There was a short wait until we got our food. Without prompting, we received a little appetizer, which mainly consisted of little breaded and fried mashed potatoes, configured a bit like sticks. There were three bits of sauce in different colors.
The potatoes and sauce, most likely, were leftover odds and ends. It may have taken the chef all of ten minutes to make the dish. I didn’t see anyone else getting the appetizer. We thanked the server. The appetizer tasted good.
We were served our food, and you’d think that would be the end of it. But it wasn’t. We didn’t order dessert. But we received a plate of flan and four spoons anyway. No one asked us; we just got the flan (it tasted really good). We weren’t charged for either little extra.
These twin activities impressed us, so much so that I’ve even linked back to the restaurant. Win-win!
Surprise and delight your customers. Or, as I’d like to say, where’s their flan?
By no coincidence, Kerpen named his company Likeable Media. From its positive name to its obvious association with Facebook, the book and the company are all about creating positive and meaningful experiences for customers and potential customers.
Kerpen begins with listening and with careful, accurate, and specific targeting. E. g. not all women in their 50s have the same interests. He strongly urges marketers to dig deeper. He also encourages them to have empathy for their customers. Is a post interesting? Would it be welcome to the customer base?
The first fans should be preexisting customers, with perks for the really rabid fans. Another skill to master: engaging in a true dialog. This means not just accepting praise, but also effectively and expeditiously responding to complaints. It also means owning up to your mistakes when you make them.
Kerpen advocates authenticity, honesty and transparency in dealings, and promoting an exchange by asking questions, which goes right back to listening. From listening, comes the surprise and delight. Did the restaurant hear us complaining about slower than normal service? Possibly. The appetizer and the flan certainly helped to quell those complaints and win us over.
Because he’s talking about social media (and not restaurant service), Kerpen’s flan moment doesn’t just cover coupons and offers. It’s also the sharing of stories as social capital. Some of this includes stories of the company (e. g. how a product was invented that spawned an industry). But it also encompasses the stories of the customers themselves.

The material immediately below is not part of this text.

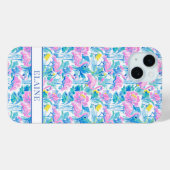 Waterverf Roze Flamingo's Met Initiaal Case-Mate iPhone Case (Achterkant (horizontaal))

Imagine being a soft drink company and asking customers who drank your soft drink during their first date to share their love stories?
Finally, rather than hard selling, Kerpen exhorts marketers to simply make it easy to buy. Good products and services will always have customers. Generally, you don’t need to massage demand. But you do need to make it easier for customers to open their wallets.
A terrific, breezy read, well worth your time.